Ten Common Statistical Mistakes

What are the common statistical mistakes?

  1. Absence of an adequate control condition/group
  2. Interpreting comparisons between two effects without directly comparing them
  3. Spurious correlations
  4. Inflating the units of analysis
  5. Correlation and causation
  6. Use of small samples
  7. Circular analysis
  8. Flexibility of analysis
  9. Failing to correct for multiple comparisons
  10. Over-interpreting non-significant results

This is a visual summary of the 2019 eLife article “Ten common statistical mistakes to watch out for when writing or reviewing a manuscript” by Makin and Orban de Xivry.

If you’d prefer, you can watch the 5 minute video summary below:

This entire page is also available as a Twitter thread:

Mistake 1: Absence of an adequate control condition/group

The effectiveness of any intervention (or a change in any group) should not be judged in isolation.

The research should include an appropriate control condition/group against which the effect can be assessed.

Simple example: How do we know your intervention caused the athletes’ acute improvement in strength and that it wasn’t a result of other factors that would have happened even without the intervention?

No control group

Mistake 2: Interpreting comparisons between two effects without directly comparing them

In our example above, we wanted to know if the intervention had a significantly greater effect on strength compared to a control condition.

To do this, we must directly compare the two effects. We cannot simply perform separate pre-post comparisons on each group and compare the p-values from the two statistical tests.

Simple example: Group 1 has a p-value (pre-post comparison) of 0.049 and Group 2 has a p-value of 0.051. You would therefore reject the null hypothesis of no change for Group 1 but not for Group 2. However, this doesn not mean that the effect for Group 1 is significantly greater than the effect for Group 2. In order to determine whether the two effect sizes were significantly different, you would need to directly compare them in a single test.

Indirect comparisons

Mistake 3: Spurious correlations

Spurious correlations may occur in the presence of one or more outlier data points (see image below).

Additionally, this can occur when data from two or more sub-groups are combined - particularly when the observed correlation is not present within any of the sub-groups alone.

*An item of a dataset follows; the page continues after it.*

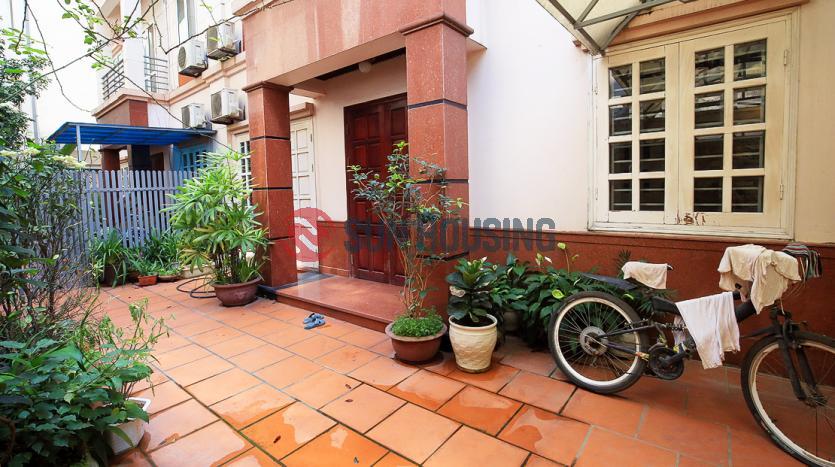 Five bedroom house for rent in Westlake Hanoi, Tay Ho street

Simple example: Although there is no relationship between body mass and shooting accuracy, one player is much heavier than the rest of the squad and is also the best shooter. This player skews the overall relationship, resulting in a spurious correlation between the two variables.

Spurious correlations

Mistake 4: Inflating the units of analysis

The greater the degrees of freedom in a test, the lower the critical size of effect that would be considered significant. Anything that falsely inflates the degrees of freedom can therefore increase the likelihood of false positive results.

This can often occur when multiple trials by multiple participants are all compared within a single comparison (i.e. merging within-participant variation and between-participant variation). The within- and between-participant effects should be assessed as separate effects.

Simple example: You have 20 participants, each performing 3 countermovement jumps. In your correlation analysis, you include all 60 data points as if they are all independent from each other (they are not).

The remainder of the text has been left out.